The WHO noted that more than 90 per cent of the global population “is breathing in high levels of pollutants,” resulting in at least seven million deaths each year.
The study found that more than 90 per cent of deaths linked to air pollution occur in low-income-countries in Asia and Africa.
Addressing the problem
Communities around the world have been trying to take part in a campaign to save the environment and address problems brought about by pollution.
In Bali, Indonesia, a group of artists has given new life to used tires and inner tubes by transforming them into earrings, wallets, laptop cases and bags.
The Art Cycle Bali, a shop in the island’s Ubud district, has been attracting visitors fascinated by the handmade fashion accessories and bags.
“There are millions of tires in landfills around the world, some of which end up being burned, polluting the air,” the manager, Wayan Asmini, said.
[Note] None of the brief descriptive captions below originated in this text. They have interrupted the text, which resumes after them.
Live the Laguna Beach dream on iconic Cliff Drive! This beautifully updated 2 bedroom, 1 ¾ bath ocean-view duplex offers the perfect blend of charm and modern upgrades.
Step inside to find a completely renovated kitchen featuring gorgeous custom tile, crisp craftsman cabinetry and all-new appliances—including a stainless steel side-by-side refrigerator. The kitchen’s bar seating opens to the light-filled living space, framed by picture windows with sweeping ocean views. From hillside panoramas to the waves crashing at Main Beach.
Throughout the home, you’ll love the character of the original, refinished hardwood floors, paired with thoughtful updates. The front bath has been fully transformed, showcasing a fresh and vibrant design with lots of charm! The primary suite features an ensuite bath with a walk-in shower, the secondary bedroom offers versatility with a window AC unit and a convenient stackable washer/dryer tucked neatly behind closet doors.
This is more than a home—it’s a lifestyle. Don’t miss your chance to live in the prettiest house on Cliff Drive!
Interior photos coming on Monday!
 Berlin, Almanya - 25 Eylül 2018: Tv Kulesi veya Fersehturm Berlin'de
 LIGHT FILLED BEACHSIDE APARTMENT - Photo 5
“We need to do something about it. It is important to set an example and make people aware that we can be part of change,” she said.
Art Cycle Bali has already repurposed and recycled more than 1,000 non-biodegradable tires and inner tubes.
Indonesian recycle artist, Mas Pat, started the movement in 2006, inspiring other artists from Spain and the Mediterranean to repurpose tires into fashionable art.
Caring for the common home
Church leaders in the Philippines have repeatedly stressed the message of ecological conversion since Pope Francis released his encyclical on the environment, Laudato si’: On care for our common home.
Franciscan Father Pete Montallana has been lamenting the diminishing forests in the Sierra Madre Mountains, saying that it they are not only a source of food and medicine but “are a great source of clean air.”
Father John Leydon of the Global Catholic Climate Movement, emphasised, “We have to abandon the throwaway culture that pollutes our land, water and air.” 
He said, “We need to admit that we are facing an era of disasters.” 
Father Raymond Montero Ambray of the Diocese of Tandag in Mindanao, said various health problems can only be resolved by addressing environmental issues.
“The protection of the environment is the protection of life,” he said, adding, “If the common home is healthy, then all the inhabitants will live well and right.”
Face masks might not be enough to protect the likes of Grace Francisco in the near future. She said she might be relocating to a less polluted place soon. But then she wonders if there is any place that has not been abused by humans.